La orden había llegado a las 9 de la mañana y él, de manera casi infantil, se había aferrado a una esperanza: quizás pudieran encontrar a alguien con vida. Sus ojos estaban cansados de contar muertos flotando a la deriva. La suma había llegado a 131 cuando dio la orden del volver a la base. Otros barcos continuarían con el trabajo durante toda la noche. Esperaba que, para consuelo de los deudos, encontraran a los 198 restantes. Además, si lo hacían, no tendría que regresar. El capitán Robinson rogaba no tener que volver al mar, no para eso.

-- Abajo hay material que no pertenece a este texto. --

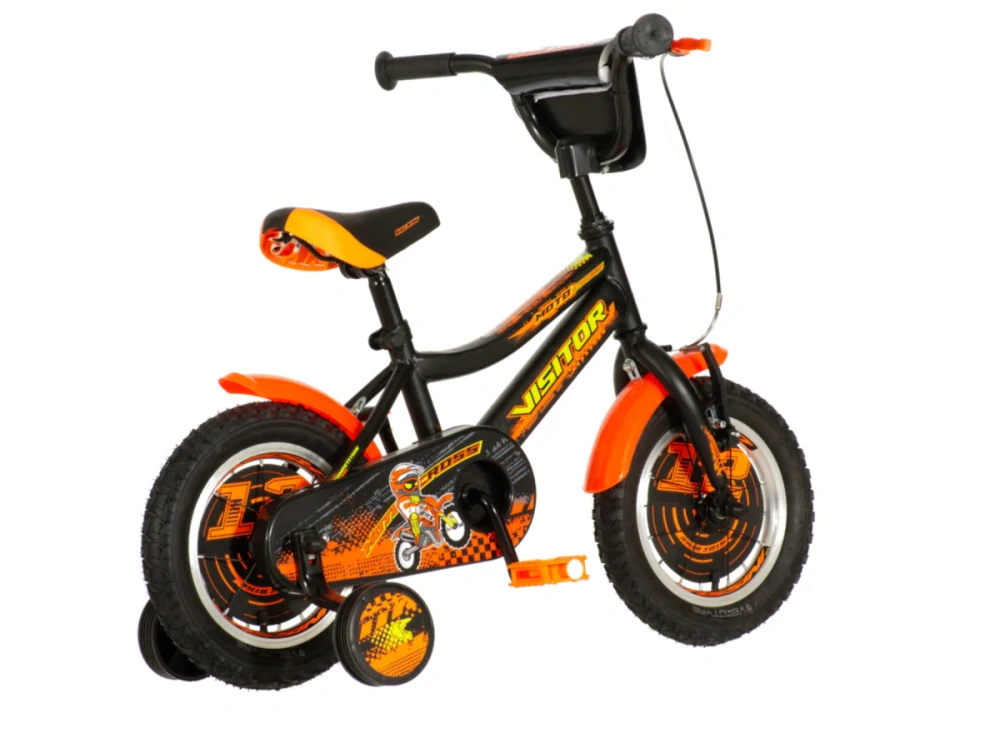 Bicykel Visitor Motocross 12" Čierno-Oranžový KIDS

El relato que hizo en la conferencia de prensa fue estremecedor. Explicó que el Aisling había barrido un amplio sector a unos 180 kilómetros de la costa, recogiendo los cuerpos de las víctimas y algunas pequeñas partes de la aeronave. Para hacerlo, bajaron los botes salvavidas, mientras los buzos se arrojaban al mar y arrastraban los cuerpos hasta ellos. Una vez cargados, los botes eran izados a la cubierta del barco. Robinson no recordaba cuántas veces había repetido la operación.
Frente a los periodistas también estaban los sargentos Brian Stephens y Stan Saunders, dos buzos estadounidenses de probada experiencia en salvamentos en el mar que estaban entrenando con colegas de la marina inglesa, y se habían sumado a las tareas de rescate. Llegaron al área del siniestro en un helicóptero Chinook y se arrojaron al agua, donde comenzaron a colocar cuerpos en una camilla metálica que luego era subida al helicóptero. “Nunca estuvimos en algo tan espantoso. Nuestra misión consiste en recoger pilotos accidentados… Uno o tal vez dos al mismo tiempo… Jamás dieciséis personas como hoy”, explicó Saunders con la voz quebrada. Stephens permaneció callado todo el tiempo, era notorio que estaba shockeado y no podía hablar.
¿Dónde está el avión?
El Boeing 747 de Air India que cubría la ruta Toronto-Londres-Nueva Delhi-Bombay había desaparecido abruptamente de la pantalla de radar de la torre Shannon, en Irlanda, a las 8.13 de la mañana de ese domingo. El avión volaba a 9.450 metros de altura y estaba a 178 kilómetros al sudeste de las costas irlandesas. En poco menos de una hora tenía previsto aterrizar en el Aeropuerto Internacional de Heathrow, en la capital inglesa, para recargar sus depósitos de combustible antes de reanudar su viaje hacia la India. “De pronto dejamos de verlo en la pantalla y de inmediato supimos que algo malo había ocurrido. En estos casos hay dos opciones; o un desperfecto en el sistema de radares o la caída repentina del avión. Hasta ese momento el Boeing mantenía contacto normal con los controladores de la torre”, explicó más tarde Tim Keane, vocero del centro regional de control de tráfico aéreo de Irlanda.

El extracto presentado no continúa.